Boyer began a record label, KittyBoo Records, out of Denton, Texas in 1995. KittyBoo released 3 records: the debut 7-inch from Poopiehead, a Bunnygrunt / Tullycraft split 7-inch, and the 7-inch soundtrack to J. Otto Seibold's Free Lunch children's book, with narration and instruments by singer, songwriter, Blue Man Group and They Might Be Giants collaborator and film-strip artist Brian Dewan.

Boyer was a contributor to both the print magazine and website of multi-format computer and video game magazine Edge from 2004 to 2006, and served as news editor for Gamasutra, an internationally recognized and Webby Award winning online community for video game developers which is owned and operated by Think Services (formerly CMP Media). In November 2008 he helped found Offworld, a video game blog owned by Boing Boing, where he served as editor through October 2009. In May 2010, Boyer was named Chairman of the Independent Games Festival. He stepped down in 2015, being replaced by Kelly Wallick.

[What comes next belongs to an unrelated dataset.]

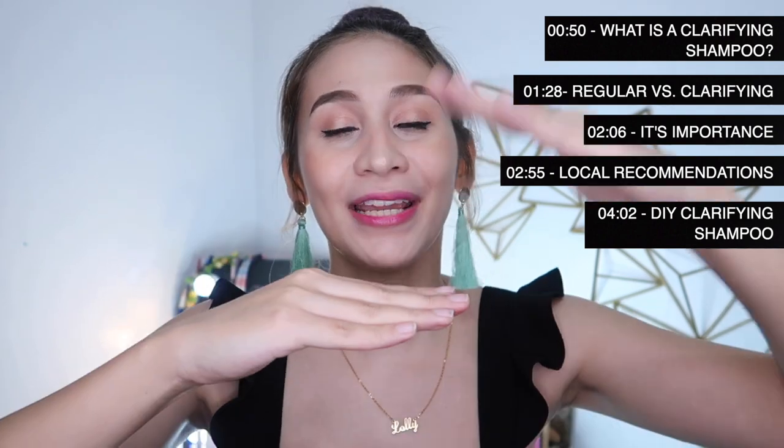So bakit siya important sa Brazilian blowout? Kung hindi niyo pa alam ang Brazilian blowout, iiwan ko dito sa card yung playlist ng aking Brazilian blowout videos. So bago kang mag-treatment ng Brazilian blowout, kailangan ready yung hair mo para tanggapin yung treatment. Imagine mo yung hair mo punong-puno siya ng mga shampoo residues and yung mga conditioner mo. Pag mailalagay ka na ng treatment, hindi siya papasok doon sa hair strand. Pag gumamit ka ng clarifying shampoo, makakapasok yung treatment doon sa mga hair cuticles mo. Mas magiging effective yung treatment.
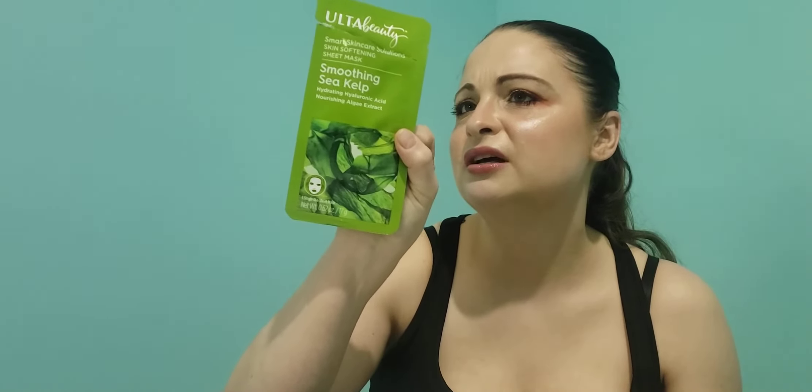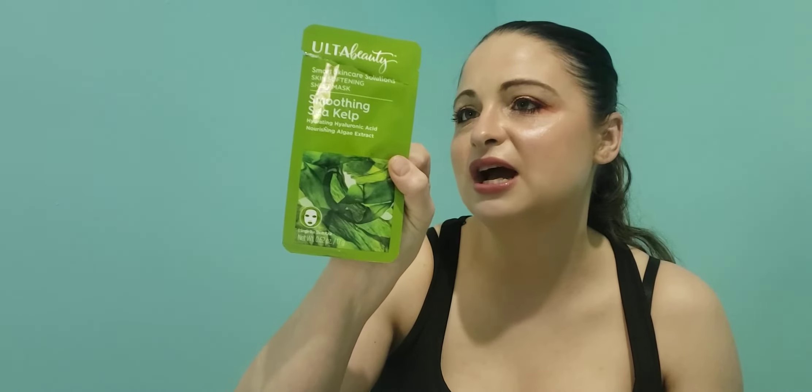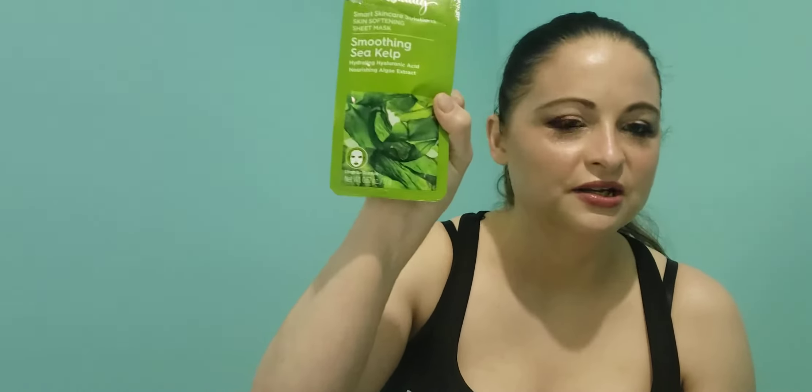The Garnier Skin Active Moisture Bomb sheet mask was good and I have a couple more of those in different varieties. Then the Ultra Beauty Soothing Skin Kelp mask made my skin tingle a little bit. It's for dry, rough, and flaky skin, which I do have, but I'm not sure I like the tingling. I've used a coconut version and liked that one better.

In 2011, Brandon Boyer successfully ran a Kickstarter-campaign for an Offworld-successor called Venus Patrol. In the Kickstarter, exclusive rewards of amongst others Keita Takahashi, Adam Saltsman, Vlambeer and Superbrothers were offered to prospective subscribers. Venus Patrol launched on September 10, 2012. Boyer was diagnosed with cancer.

In 2011, Juegos Rancheros was co-founded by Boyer with support from Tim League, Drafthouse's CEO. The board of directors of Juegos Rancheros voted unanimously to dismiss Brandon Boyer on April 5, 2018, after accusations of abuse of women.